LG Electronics announced on Monday that they’re closing their mobile business unit to focus resources on other areas, including electric vehicle, smart homes, robotics, artificial intelligence, among others.
The Seoul-based multinational electronics company says that the decision to close its mobile business was approved by its board of directors.
The company will continue to support existing smartphones and provide software updates for an unspecified time, varying by region.
LG says its mobile business will completely shut down by July 31, but some existing models might still be available.
“LG’s strategic decision to exit the incredibly competitive mobile phone sector will enable the company to focus resources in growth areas. LG will work collaboratively with suppliers and business partners throughout the closure of the mobile phone business. Details related to employment will be determined at the local level,” LG said in a statement.
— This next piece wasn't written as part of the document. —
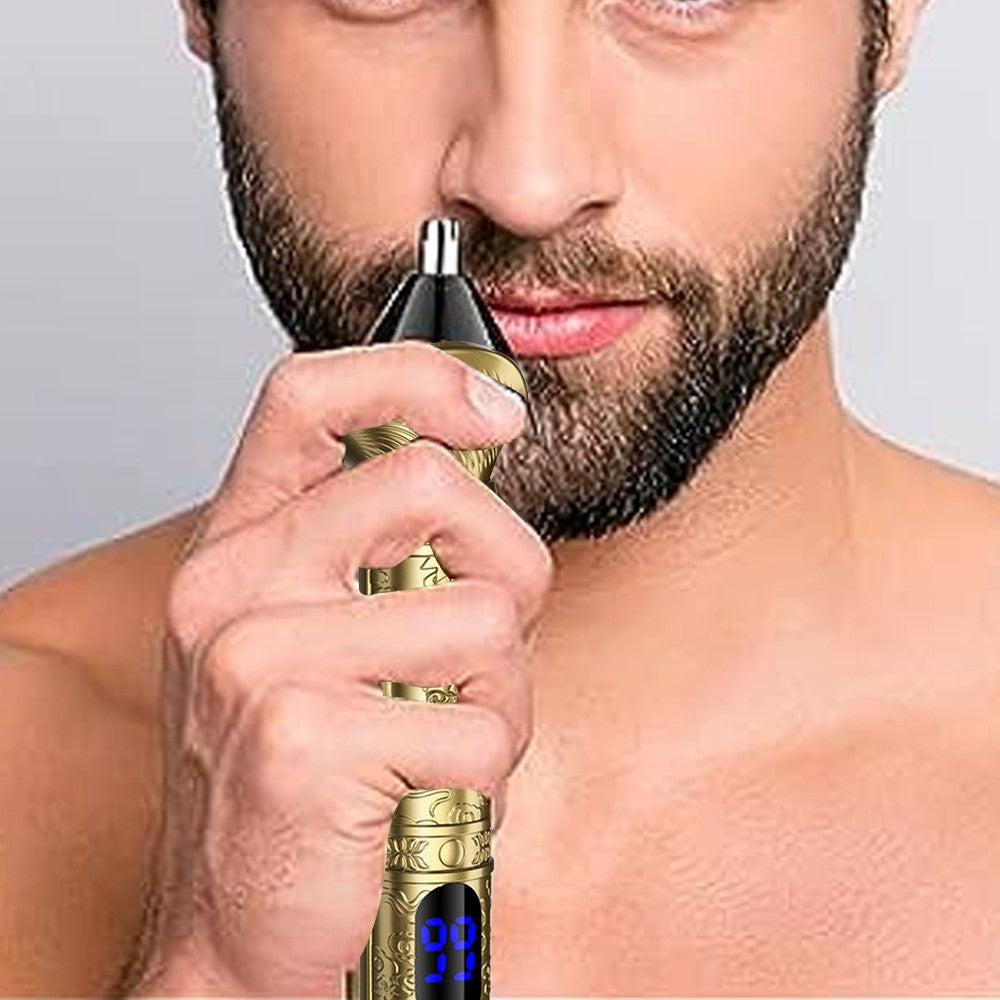 Mens Beard Trimmer Set Electric Hair Clipper Razor Shaver Nose Hair Trimmer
In addition to AI, robotics, EV and smart homes, LG will also invest its resources into connected devices, b2b solutions, platforms and services.
While LG is shutting down its mobile unit, the company will still be developing mobile-related technologies such as 6G.
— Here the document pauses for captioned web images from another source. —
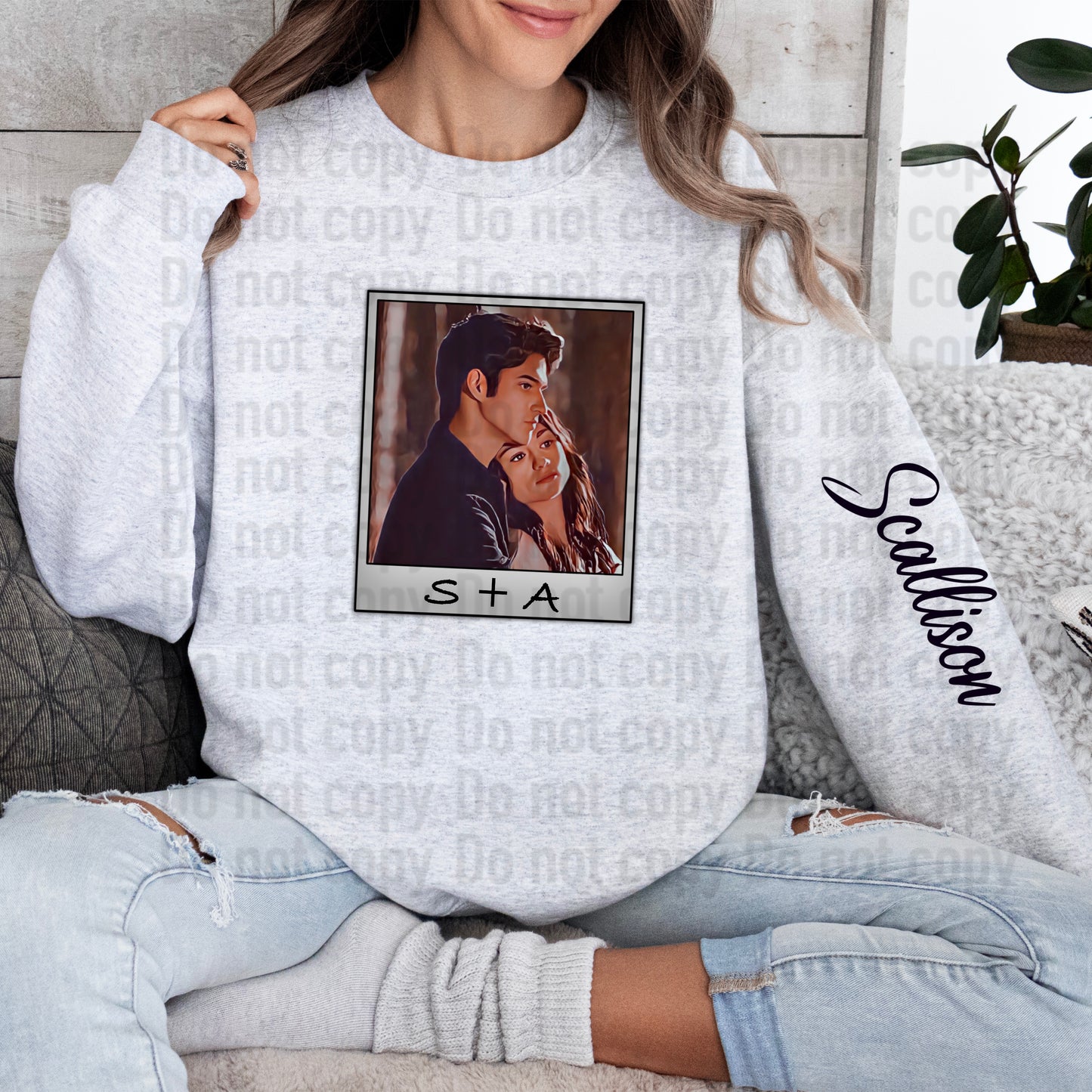 Scallison Cartoon Polaroid Style Crewneck or Hoodie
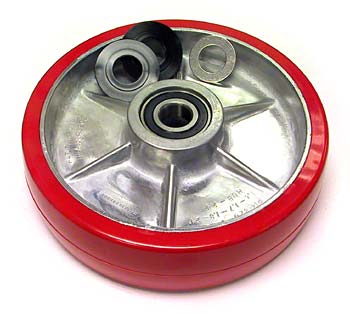 Steer Wheels W/ Bearings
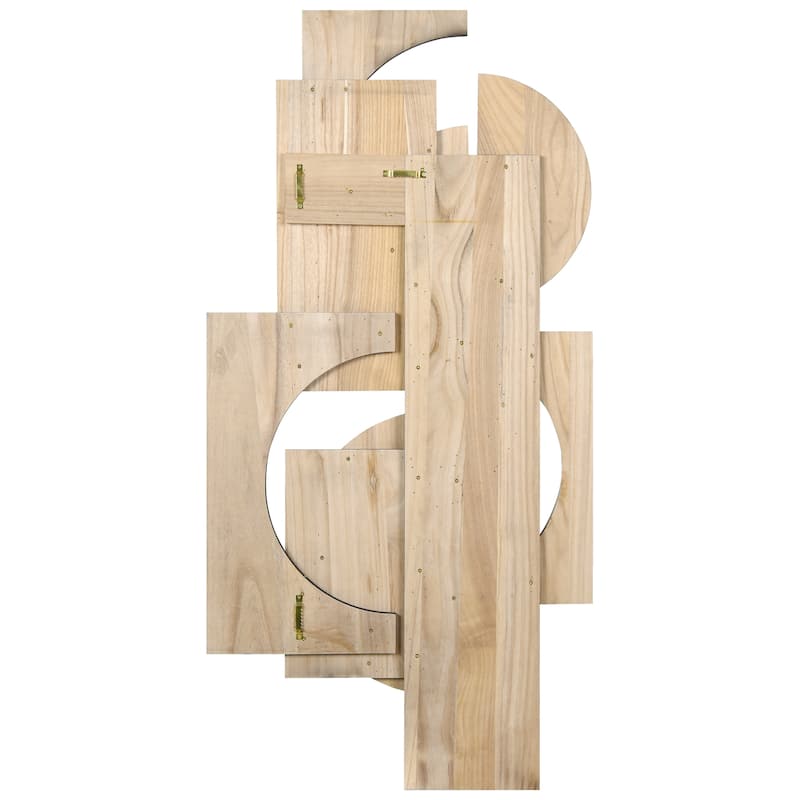 "Luminous Whisper,Dusk" Hand Made & Hand Finished Dimensional Solid Paulownia Wood Abstracts Wall Art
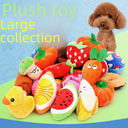 pet plush dog sound simulation cartoon animal bite resistant molars plush pet toys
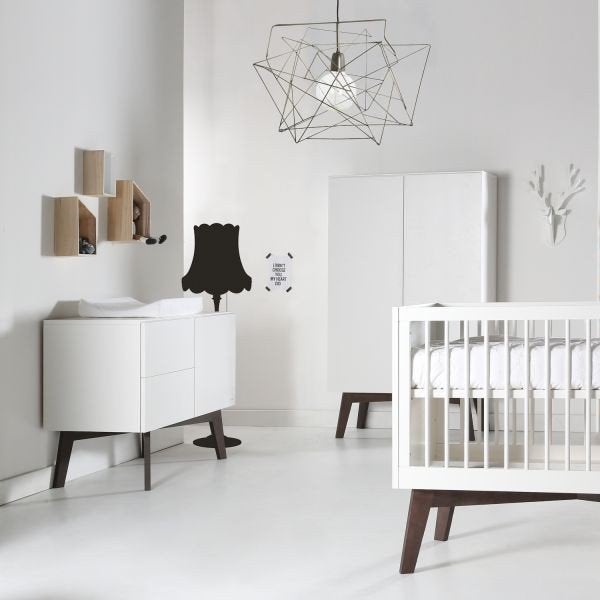 Kidsmill Sixties Commode Wit / Walnoot, Ophalen, 50 tot 70 cm, 100 cm of meer, Zo goed als nieuw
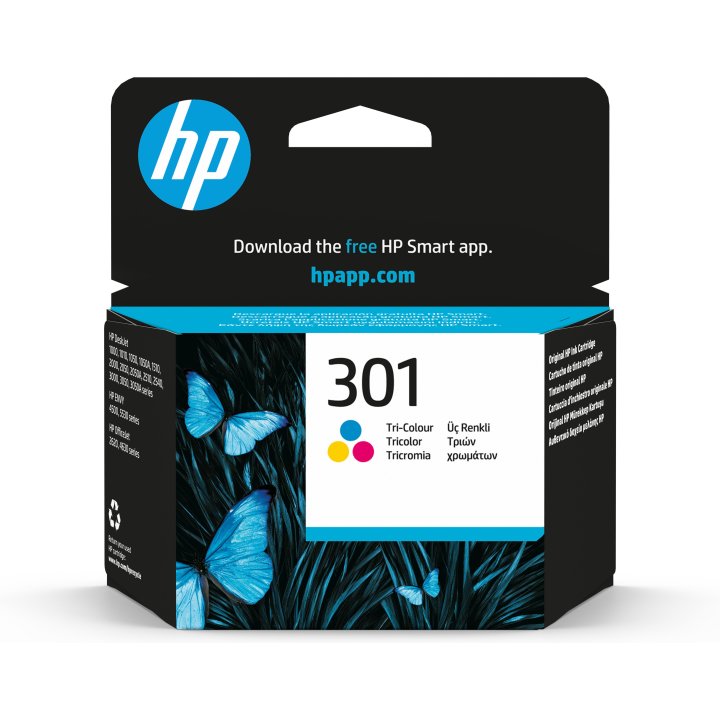 Cartucho Hp Nº301 Color Para Deskjet 1050 2050 2050s (ch562ee)
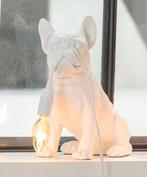 Lamp - resin - Franse Bulldog Tafellamp, Antiek en Kunst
“Core technologies developed during the two decades of LG’s mobile business operations will also be retained and applied to existing and future products.”
Why is LG shutting down its mobile unit?
Although LG is one of the older mobile phone manufacturers, they haven’t been able to keep up with the competition, especially from their South Korean counterparts — Samsung — and the several Chinese smartphone manufacturers who entered the market in the past decade.
While the company was one of the top three mobile handset sellers worldwide in 2009 and successfully switched to Android in 2013 with their G-series smartphones, LG’s mobile phone sales have taken a hit over the past six years, with the company registering their highest mobile shipment worldwide in a quarter in Q4 2014 at 20 million units. Since then, the number of mobile phone units sold has shrunk increasingly.
LG global smartphone market share has also continued to decline steeply YoY. Its 4% market share in Q2 2017 decreased to nearly 1.5% in Q3 2020. The company’s newer ventures in the smartphone market, including the folding LG Wing 5G, also failed to pick up steam, and it only seems like a sound business decision to shut its mobile unit.